Even when we're genuinely happy being single, it's difficult not to get defensive when fielding questions about our relationship status—partially because there's often an undercurrent of unwarranted sympathy, or in the case of older relatives of an entirely different generation, actual (projected) anxiety about the fact that you're not paired off. My grandmother, for example, was always super direct about this: "Are you dating anyone seriously? Don't you want to get married?" It was difficult for her to understand that I don't hinge my personal fulfillment on that area of my life quite in the same way that she did at my age, when being married with children at 25 was the norm.

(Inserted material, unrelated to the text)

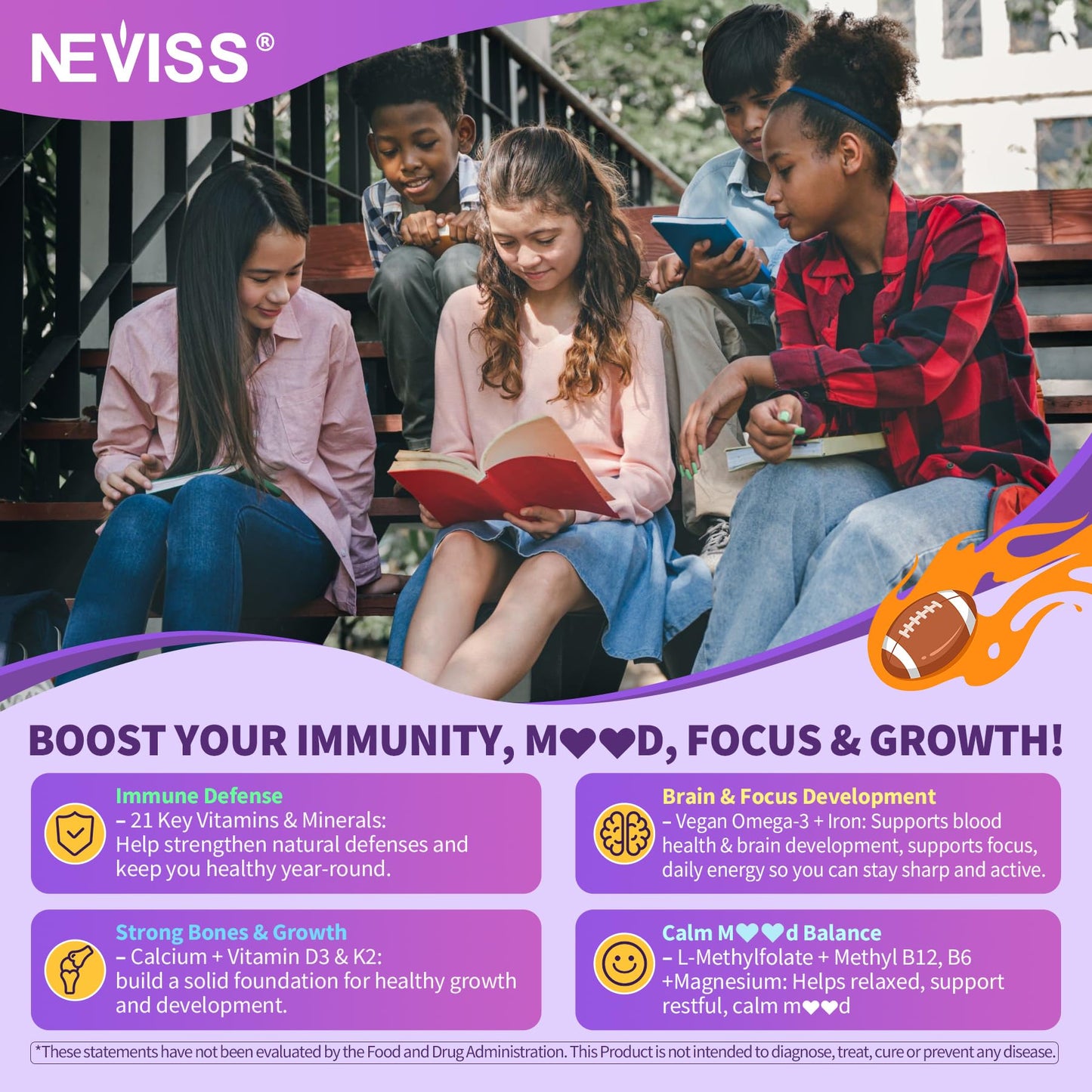 NEVISS Teen Methylated Multivitamin Gummies, 120 Gummies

Silvestri's advice is to recognize that these questions, while seemingly invasive (and definitely exhausting), often come from a place of genuine care. "In many instances, family members essentially want to know if their loved ones are faring well in life, but lacking experience with an emotional lexicon, they substitute concrete questions, which are easier but may actually miss the point," she says. So here's your opportunity to flip the script in a way that's more meaningful to you while also acknowledging their good intentions: "Ask, 'Oh, do you mean you want to make sure I’m not lonely and feel connected in my life?'" says Silvestri. "In this way, families at least have a shot at having a more affirmative and emotionally relevant conversation."

If you feel like a kid again (and not in a good way)…

Isn't it remarkable that no matter how "together" we are as an adult—no matter how successful and well-adjusted we are—many of us feel that familiar teenage angst wash over us the moment we walk through the door of our parents' house? This reversion, Silvestri says, is often the culprit behind family arguments at the holiday table, as we slip back into old dysfunctions and behavior patterns.

"No matter how much we as individuals evolve and grow, the gravitational pull of the familiar, especially at the holidays, often draws families back into their history," she says. "Old habits die hard, especially interpersonal ones."

Job number one is simply recognizing when it's happening so that you're better able to remove yourself from the situation (mentally or physically, if necessary). "I often suggest that clients see themselves as dual holograms, shifting between various developmental images of themselves depending on the context," says Silvestri. "This fluidity makes room for historical family dynamics to crop up but also empowers people to shift into more current and progressed versions of themselves."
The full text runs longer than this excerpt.